Journey to Karabakh
- Author: Aka Morchiladze
- Original title: მოგზაურობა ყარაბახში
- Translator: Elizabeth Heighway
- Language: Georgian
- Series: Georgian Literature Series
- Genre: Adventure fiction Novel
- Publisher: Dalkey Archive Press
- Publication date: 1992
- Publication place: Georgia
- Media type: Print (Hardback)
- Pages: 222 pages
- ISBN: 978-1564789273

= Journey to Karabakh =

1992 novel by Aka Morchiladze

Journey to Karabakh is a 1992 novel by Georgian writer Aka Morchiladze, his first. Set in the First Nagorno-Karabakh War (1988 – 1994), the novel depicts the misadventures of a Georgian youth who is accidentally caught up in the conflict.

In 2005 film director Levan Tutberidze made a film based on this novel.

==Plot==
Gio, a young Georgian, falls in love with a prostitute and experiences with her two of the happiest months of his life. When his father forces him to break off the relationship, he becomes deeply depressed. He accompanies a friend, who wants to buy drugs in Azerbaijan, on his journey over the border.

In the darkness, the duo stray onto a remote country track and are arrested by an Azerbaijani patrol. They are in Karabakh, in the middle of the war. The supposedly "cool" young men from Tbilisi have no idea what is going on. Their car and their money are seized and they are thrown into a cell already occupied by an Armenian prisoner.

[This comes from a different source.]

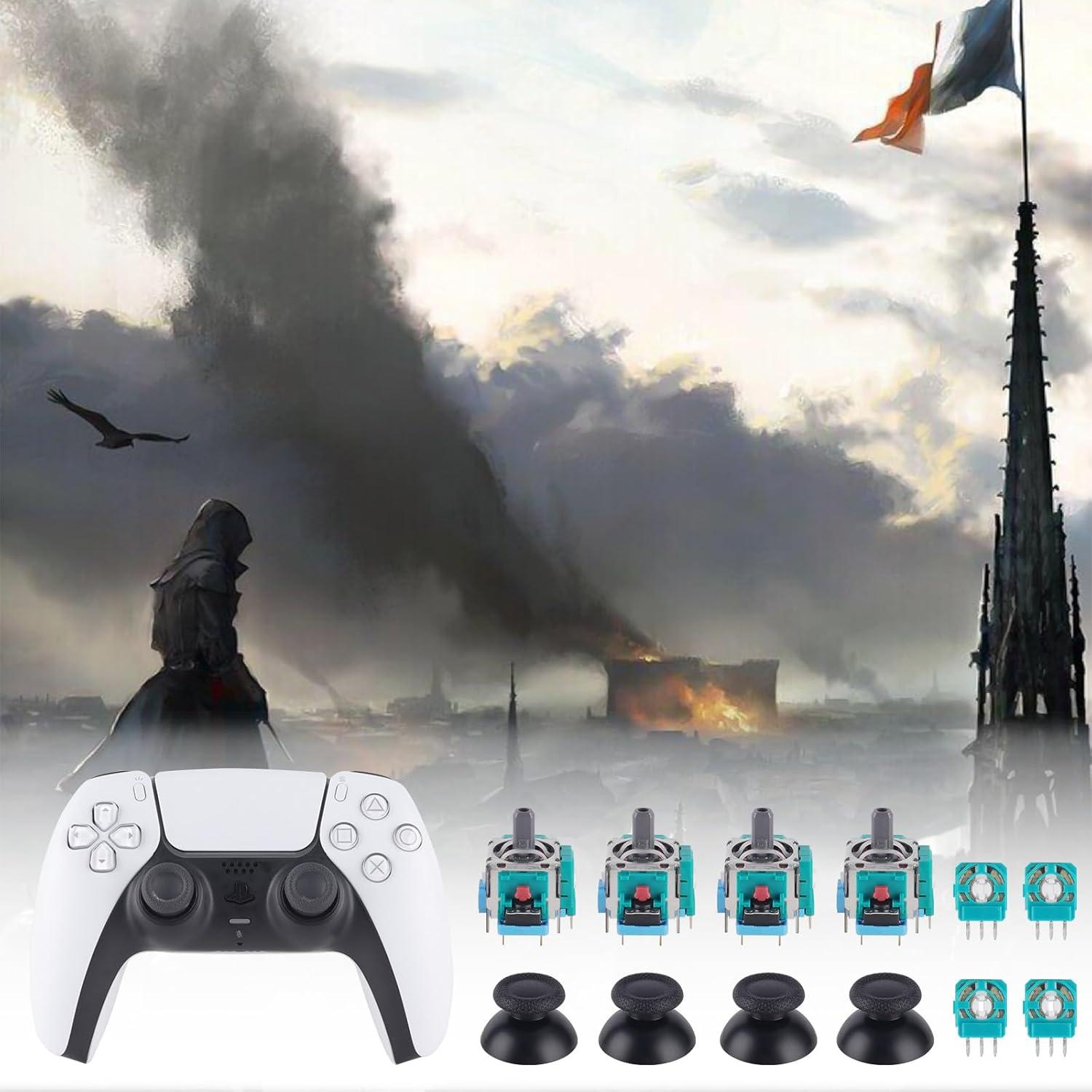 Reemplazo Joysticks TOMSIN para Controlador PS5 - Kit de 4 Módulos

Events then unfold with lightning speed. Armenian fighters free their friend and the Georgians with him. Gio finds himself in an Armenian village where he is not mistreated but his every move is watched. When Russian journalists visit the village, Gio – along with two Azerbaijani prisoners and a Russian hostage – manages to flee and he makes his way safely back to the Azerbaijani base, where he is hailed a hero. His friend is still there and his purple Lada is still parked on the same spot. Only the money is gone. His friend is given a packet of drugs and a gun as compensation. Then they return to their old lives in Tbilisi.

==Translations==
The novel has been translated into several languages, including English, German, Italian, Russian and Ukrainian.